__Instructions for the task__
Leave the pictures out and return every line below exactly.
━━━
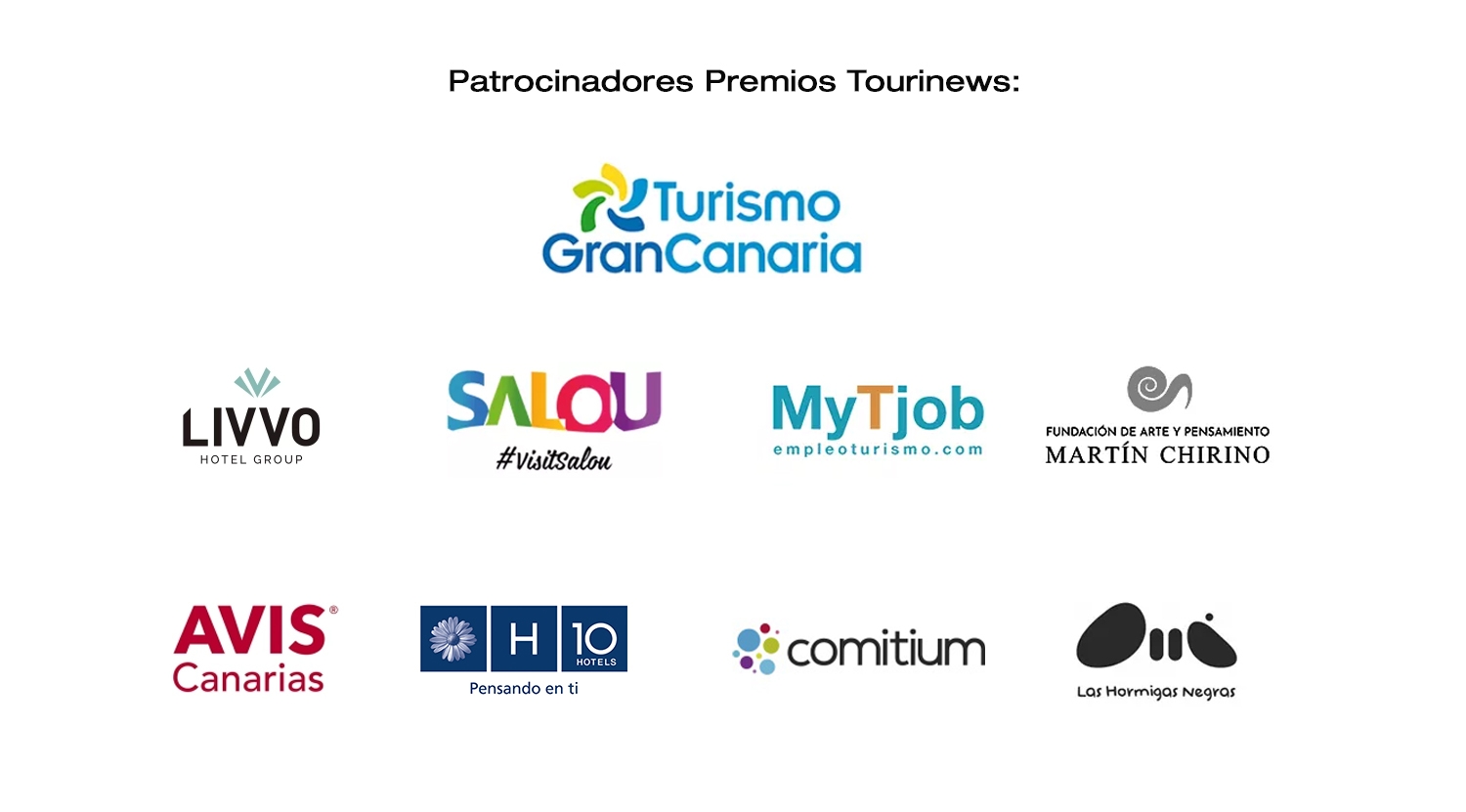 Patrocinadores Premios Tourinews 2023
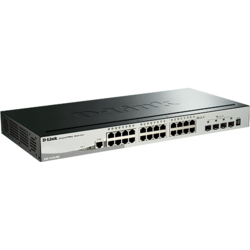 Switch 19" SMART Pro 24 Ports Giga + 4 SFP+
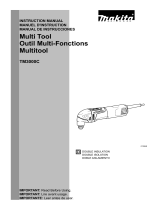 Makita TM3000C Manual de usuario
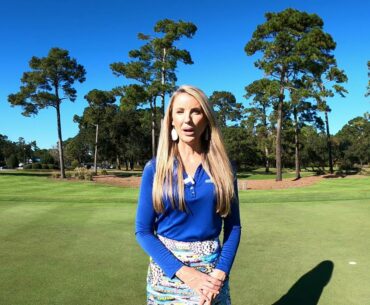 Golf Tips Magazine - How To Roll The Ball......Not Hit The Ball!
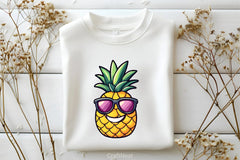 Cute Fruit Clipart Bundle - CraftNest - Digital Crafting and Art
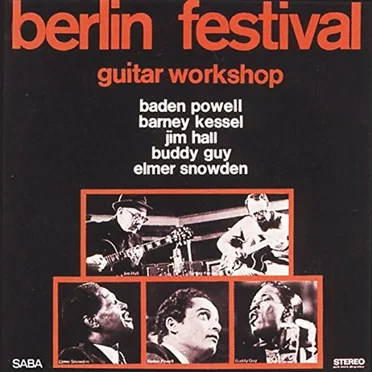 Berlin Festival Guitar Workshop by Various Artists - album cover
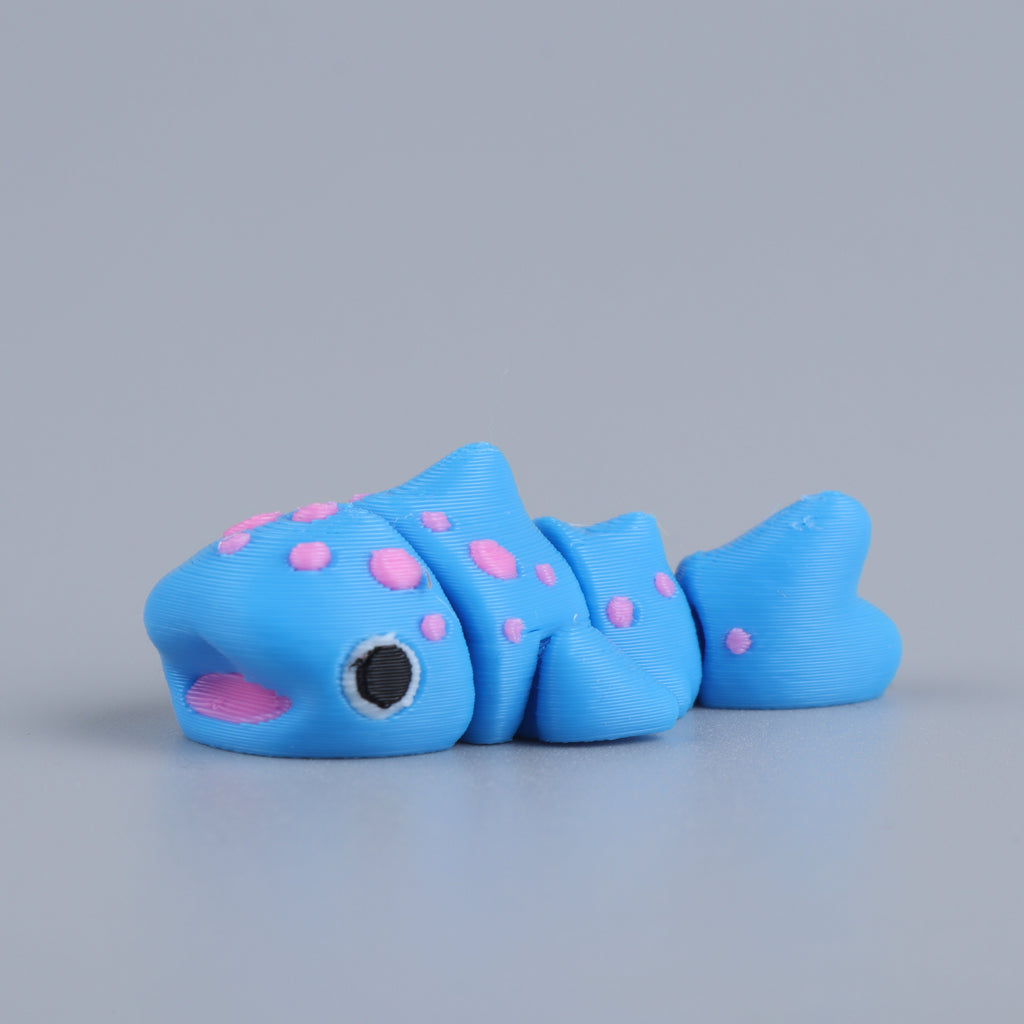 3D Printed Mini Fidget Creatures [Crafts3D]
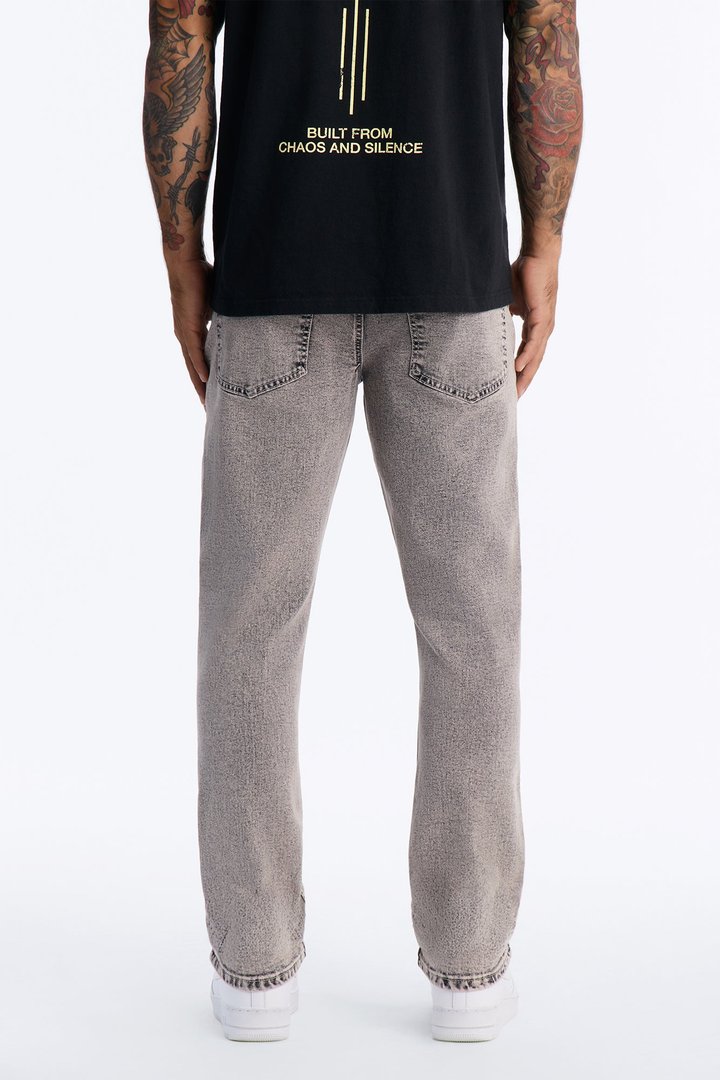 All Day Stacked Skinny Jean - Washed Grey
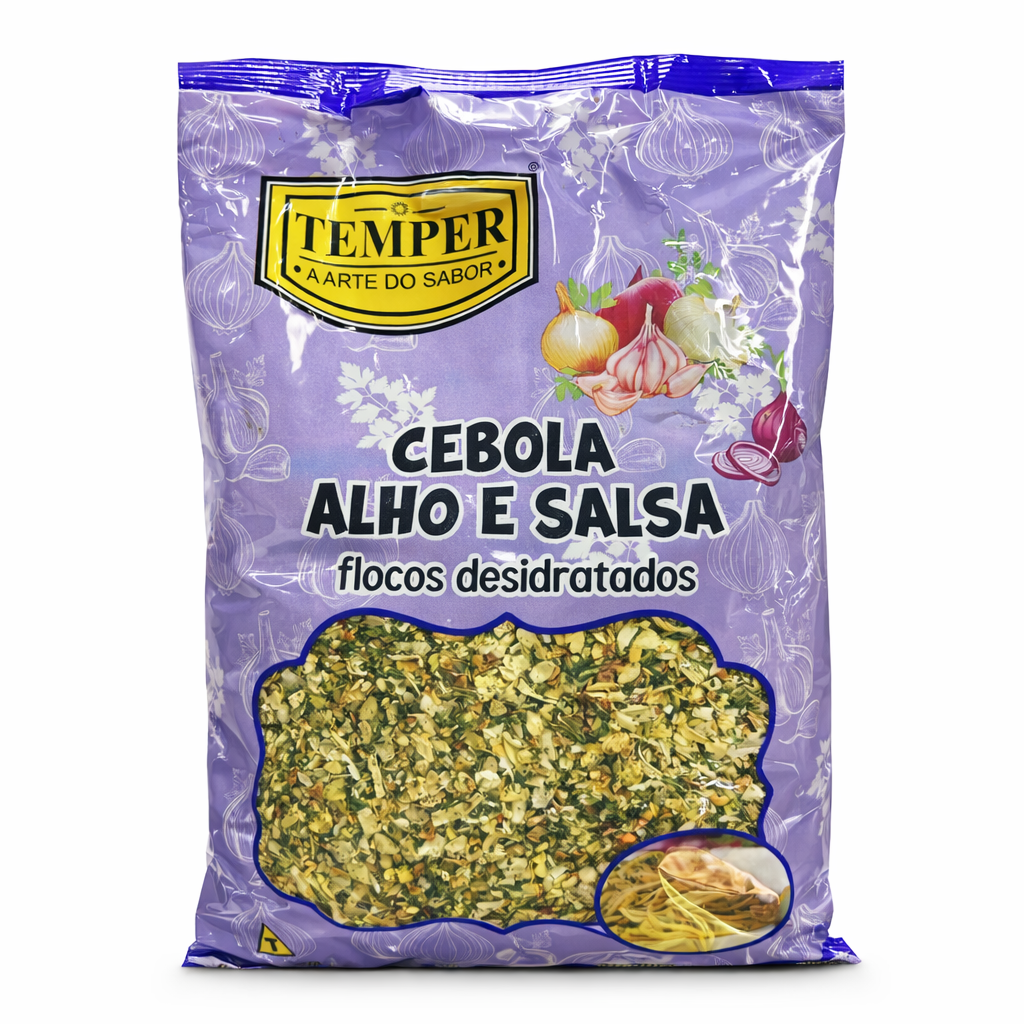 Cebola, Alho e Salsa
━━━
__Answer to the problem__
 Patrocinadores Premios Tourinews 2023
 Switch 19" SMART Pro 24 Ports Giga + 4 SFP+
 Makita TM3000C Manual de usuario
 Golf Tips Magazine - How To Roll The Ball......Not Hit The Ball!
 Cute Fruit Clipart Bundle - CraftNest - Digital Crafting and Art
 Berlin Festival Guitar Workshop by Various Artists - album cover
 3D Printed Mini Fidget Creatures [Crafts3D]
 All Day Stacked Skinny Jean - Washed Grey
 Cebola, Alho e Salsa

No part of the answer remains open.